Friday, April 19, 2019

Gegara Story Telling

Oleh Udo Z Karzi


GEGARA story telling, yang dibilang sama Bupati Way Kanan Raden Adipati Surya (Tribun Lampung, 18/4/2019), saya jadi ingat guru bahasa Inggris saya di kelas 1 SMP Liwa.
S. Sianturi. Apa kepanjangan S-nya, sampai sekarang kami tidak tahu. "Gak usah ditanya. Panggil saja Sianturi, Pak Sianturi," kata dia waktu memperkenalkan diri di depan kelas.

Selain guru bahasa Inggris, Pak Sianturi wali kelas kami. Karena tinggal di Liwa, ia juga menguasai banyak kosakata Lampung. Ia pula yang bilang, bahasa Lampung banyak kesamaan dengan bahasa Batak.

Ketika mengajar, suka-suka dia saja membuat contoh dari kosakata Lampung. Misalnya,
- kuwol (tunggal)---> kuwols (jamak)
- halipu (tunggal)---> halipus (jamak)

Saya ingat, sekali waktu saat materi Present Continuous Tense. Ia pun menjelaskan perubahan kata kerja dalam Present Continuous Tense ini:
- do ---> doing
- cook ---> cooking
- study ---> studying
....

Apa lagi?

"'Miss' jadi 'missing'."

Satu kelas tertawa termasuk Pak Sianturi.
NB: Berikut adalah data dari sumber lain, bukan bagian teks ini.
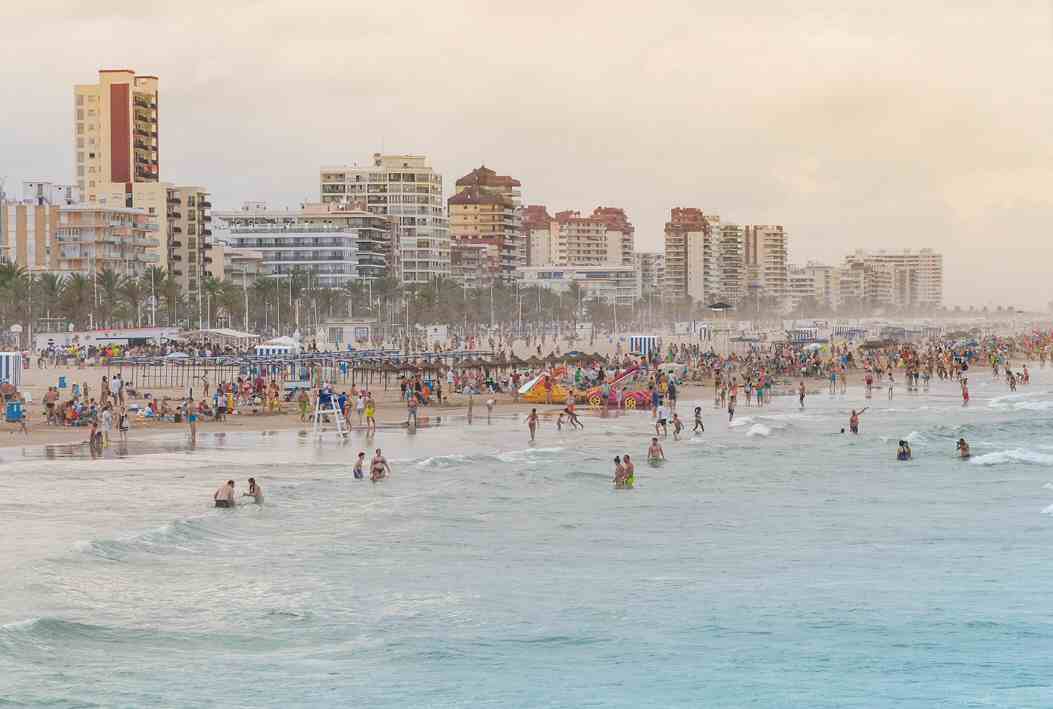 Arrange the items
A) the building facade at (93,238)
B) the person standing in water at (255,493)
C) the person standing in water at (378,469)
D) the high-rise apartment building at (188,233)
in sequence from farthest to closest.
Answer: the high-rise apartment building at (188,233), the building facade at (93,238), the person standing in water at (378,469), the person standing in water at (255,493)

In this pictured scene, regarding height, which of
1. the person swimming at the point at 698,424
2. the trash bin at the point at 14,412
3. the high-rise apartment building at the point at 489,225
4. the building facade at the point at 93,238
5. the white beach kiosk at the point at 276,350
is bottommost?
the person swimming at the point at 698,424

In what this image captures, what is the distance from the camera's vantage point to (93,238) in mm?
114375

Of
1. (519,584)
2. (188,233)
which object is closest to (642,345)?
(188,233)

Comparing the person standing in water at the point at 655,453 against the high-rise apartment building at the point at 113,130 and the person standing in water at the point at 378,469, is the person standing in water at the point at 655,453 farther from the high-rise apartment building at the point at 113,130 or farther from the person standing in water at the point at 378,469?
the high-rise apartment building at the point at 113,130

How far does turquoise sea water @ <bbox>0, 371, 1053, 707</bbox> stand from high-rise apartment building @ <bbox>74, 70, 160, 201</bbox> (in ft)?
349

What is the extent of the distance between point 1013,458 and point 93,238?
9102cm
Setelah reda, Pak Sianturi, "Kenapa? Ada yang mising?"

Satu kelas ngakak lagi.

Lucu? Ya, iyalah "mising" dalam bahasa Lampung berarti buang air besar alias berak.
Satu kata lagi, yang kalau kami sebut, bakal kena marah atau kena strap sekelas adalah 'tell" yang menjadi "telling".

Kenapa memang? Ah, tak patut saya jelaskan artinya. Hahaa...

Makanya, saya anjurkan tak usah sering-sering "story telling" karena orang Lampung mesti bacanya "setori teling". Itu bahaya. Hahaa... Apalagi kalau ngomong "telling to you' " ke orang tua.
Ketimbang story telling, lebih baik gunakan kata "mendongeng" atau "bercerita". Bahasa Lampungnya, "bewarah" atau "buwarah".